(Records excerpted from a collection)
BEGIN

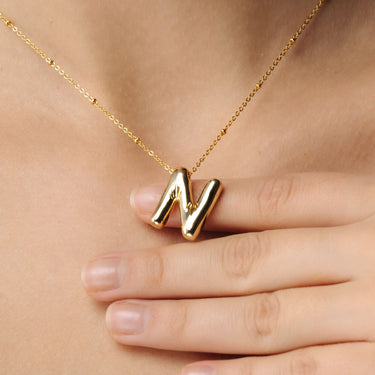 Gold Necklace for a Woman - Essential Initial Necklace - Woman Necklace - Bubble Letter Necklace Necklace Brother & Sisters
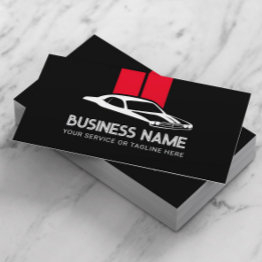 Small Car Dealer Auto Repair Black & Red Automotive Business Invitations Front View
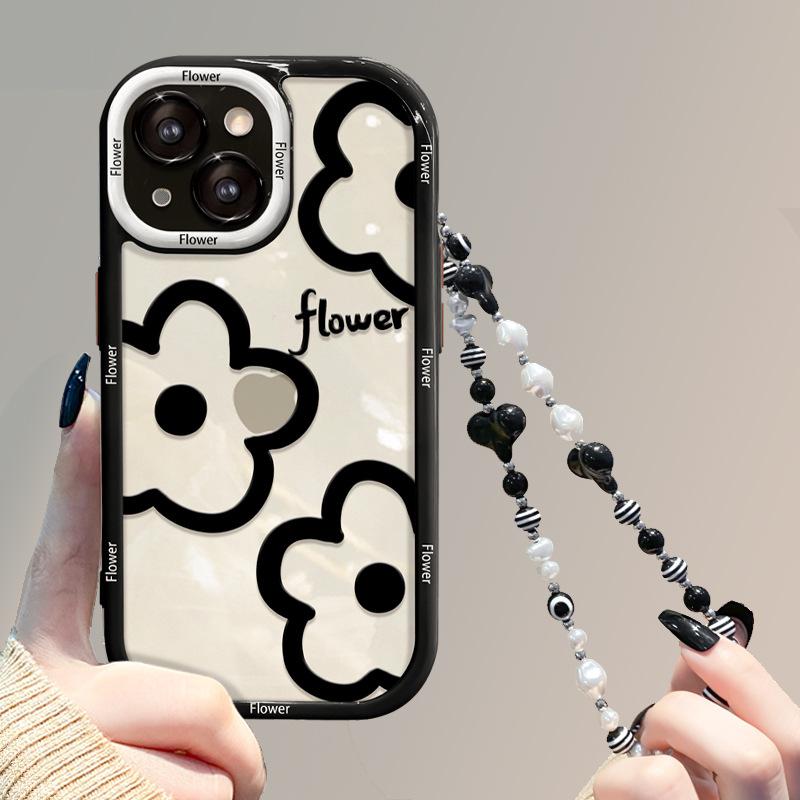 Anwendbar auf Apple 14promax Handyhülle IPhone 13 Silikon Sturzsicher 11/12 Einfache Linien Blumenkette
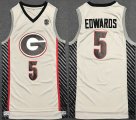 Georgia Bulldogs #5 Anthony Edwards gray College Basketball Jerseys-JD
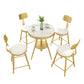 Glam 1/2/3/4/5 Pieces White-gold Dining Table Set with Stone Top Round Dinette Set 5 Pieces: Table, 4 Chairs Clearhalo 'Dining Room Sets' 'Dining Tables & Seating' 'dining_room_set' 'furn' 'furn_dining_room_set' 'Furniture' 'furniture_dining_room_set' 'Kitchen & Dining Furniture' 'kitchen&dining_furn' 'kitchen' 4599485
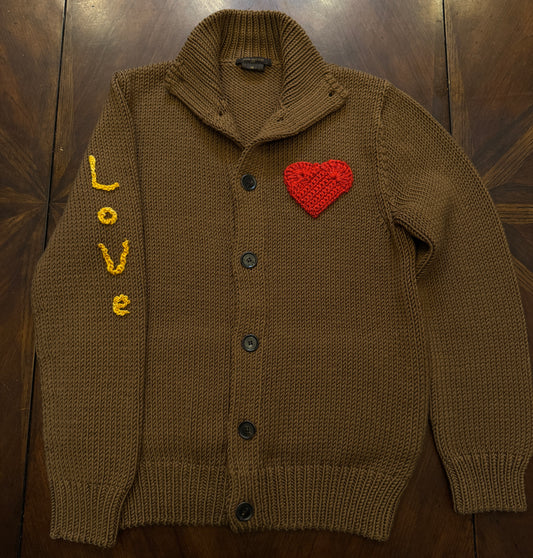 Louis Vuitton Vintage Long-Sleeve Cardigan with Crochet "LOVE" and Heart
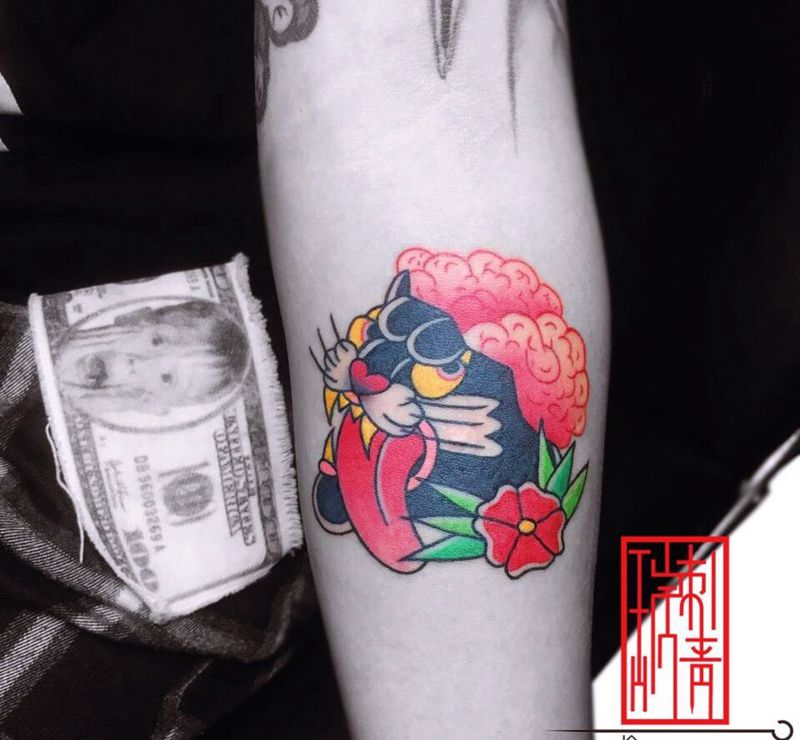 小黑豹纹身图片_成品手臂欧美清新动物纹身图案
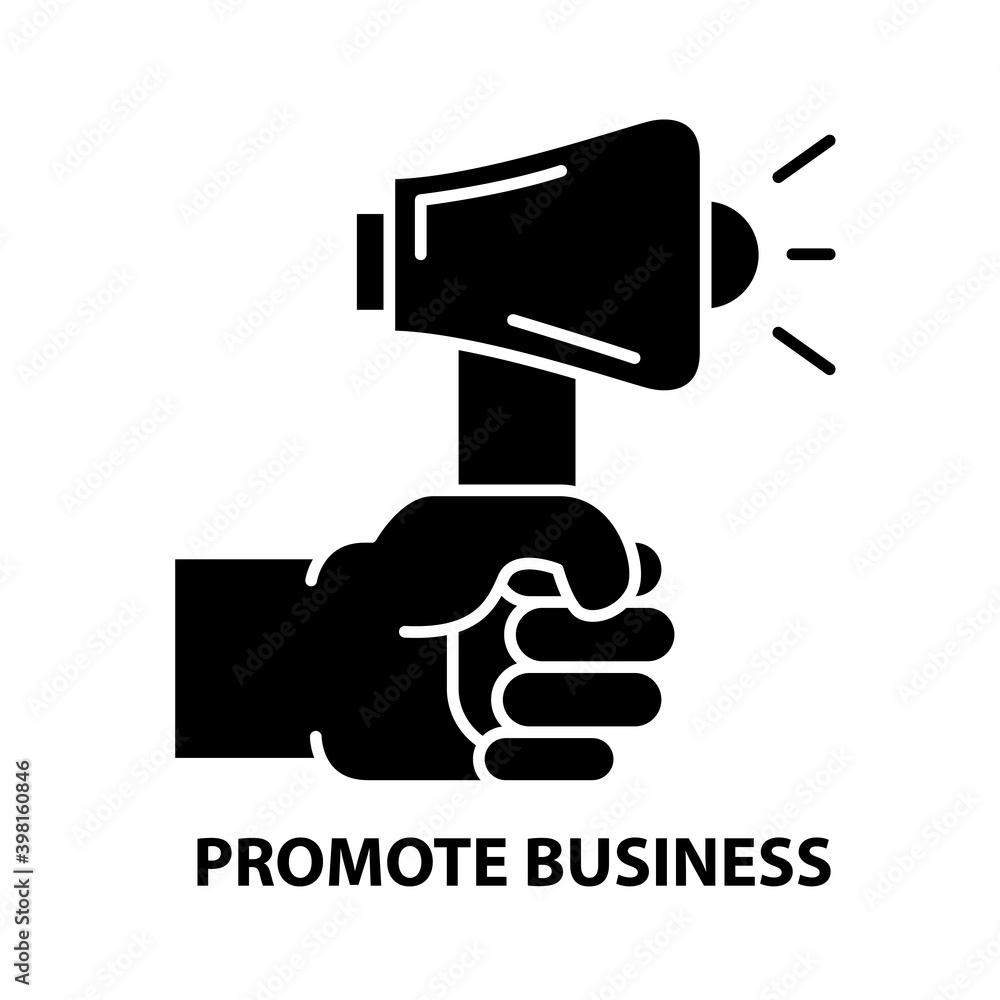 promote business icon, black vector sign with editable strokes, concept illustration promote business icon, black vector sign with editable strokes, concept illustration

END

| Work task |
Extract, word for word, every line from the one holding "Louis Vuitton Vintage" through the closing line of the data above. Do not include any pictures.

| Response below |
 Louis Vuitton Vintage Long-Sleeve Cardigan with Crochet "LOVE" and Heart
 小黑豹纹身图片_成品手臂欧美清新动物纹身图案
 promote business icon, black vector sign with editable strokes, concept illustration promote business icon, black vector sign with editable strokes, concept illustration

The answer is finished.